Automation of [18F]SFB labeled nanobody
The fraction of purified [18F]SFB from HPLC was collected in a vial containing 60 mL of water. The answer was handed by means of a Sep-Pak tC18 Plus Quick Cartridge and, afterwards, the product was eluted with diethyl ether (1 mL) into the reactor. Lastly, the combination was evaporated to dryness underneath a stream of nitrogen at 40 °C for 10 min and cooled down for five min. Nanobody dissolved in 0.3 mL PBS buffer (cAbBCII10, 1.25 and three.75 mg/mL, pH 8.4) was added to the dried [18F]SFB within the reactor and incubated for 30 min at room temperature.
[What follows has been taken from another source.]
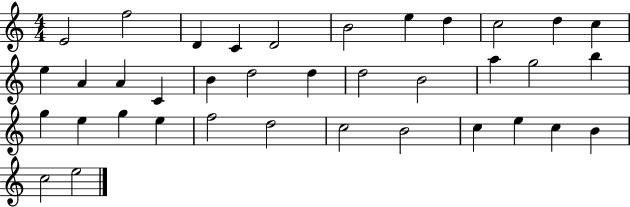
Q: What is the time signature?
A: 4/4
The ultimate purification of [18F]SFB-nanobody was carried out on a PD-10 desalting column carried out on the module. The fraction of purified [18F]SFB-nanobody (3 mL) was eluted with PBS buffer (pH 8.2) and analyzed with measurement exclusion chromatography (SEC). The radiochemical purity (RCP) was additionally decided by acetonitrile precipitation and skinny layer chromatography (TLC). In case of acetonitrile precipitation, the ultimate answer containing (n = 3) the radiolabeled nanobody was incubated for five min in a 1/1 combination with acetonitrile. Subsequent, the samples had been centrifuged, after which the protein-associated radioactivity within the ensuing pellet was measured.